> [Assignment]
In the listing below, find the line holding "Stone Barn Straight Rye Whiskey - Whisky" and the line holding "Atrauman Dressing 10 x 20cm per 30". Write out those two lines and all lines between, exactly, and nothing more.

> [Available records]
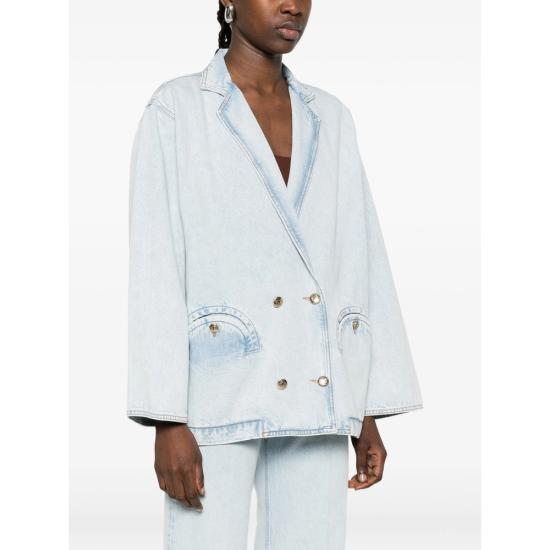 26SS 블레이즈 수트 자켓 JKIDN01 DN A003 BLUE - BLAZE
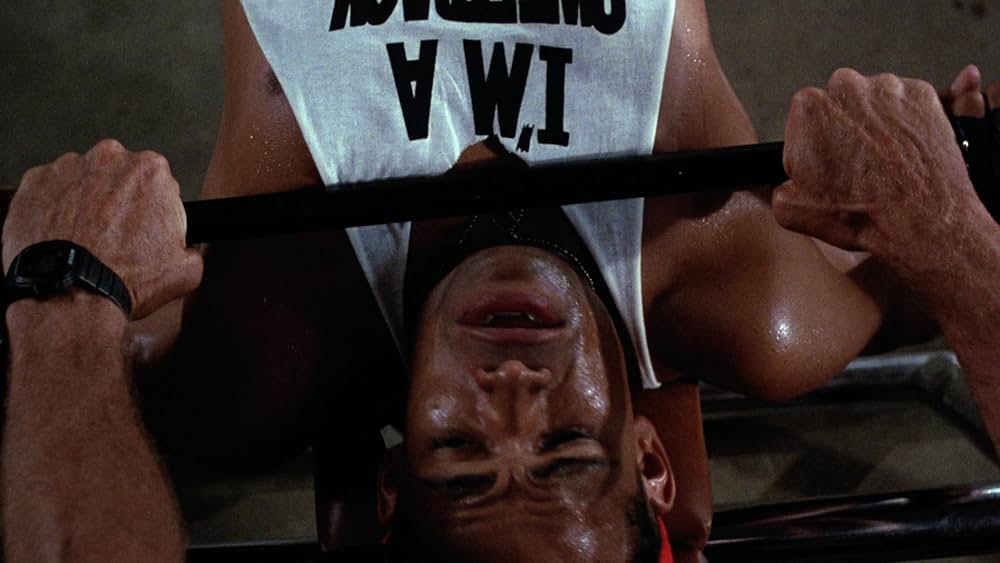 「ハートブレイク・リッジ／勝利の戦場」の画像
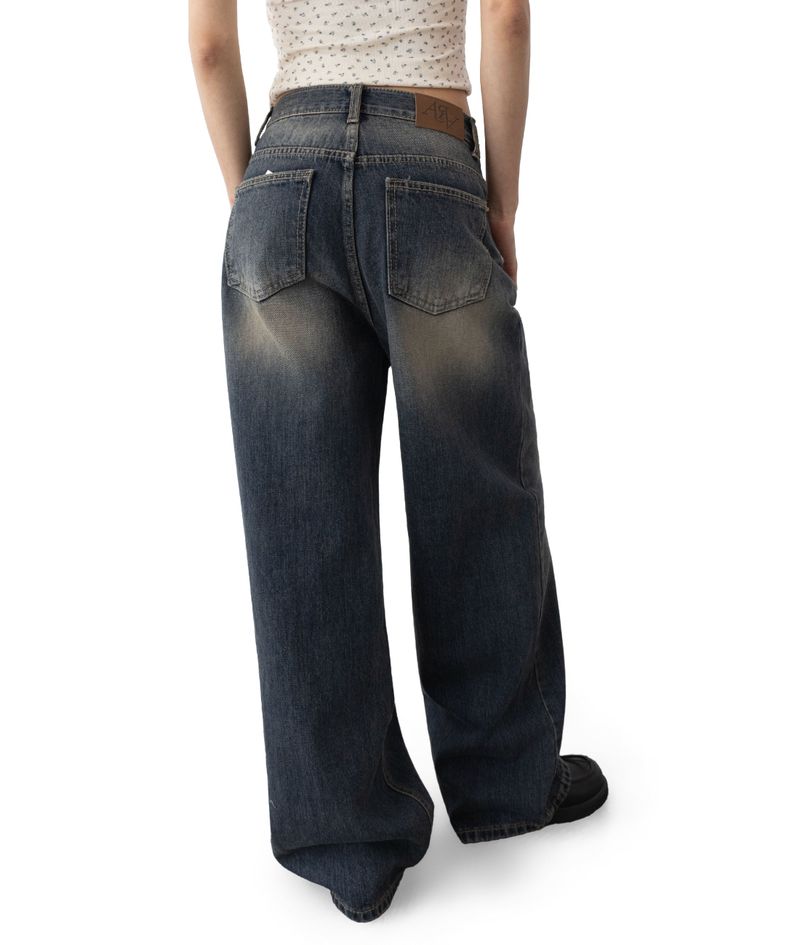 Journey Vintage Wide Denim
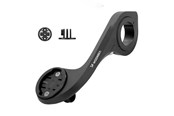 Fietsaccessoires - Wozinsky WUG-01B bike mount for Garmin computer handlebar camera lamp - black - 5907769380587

==

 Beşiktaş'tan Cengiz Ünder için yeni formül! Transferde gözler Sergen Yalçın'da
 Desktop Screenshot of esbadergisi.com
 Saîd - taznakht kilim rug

--

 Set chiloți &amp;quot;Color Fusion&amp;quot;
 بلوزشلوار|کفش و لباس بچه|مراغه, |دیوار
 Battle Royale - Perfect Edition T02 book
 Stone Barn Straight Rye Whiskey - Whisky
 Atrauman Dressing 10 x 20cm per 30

> [Completed task]
 Stone Barn Straight Rye Whiskey - Whisky
 Atrauman Dressing 10 x 20cm per 30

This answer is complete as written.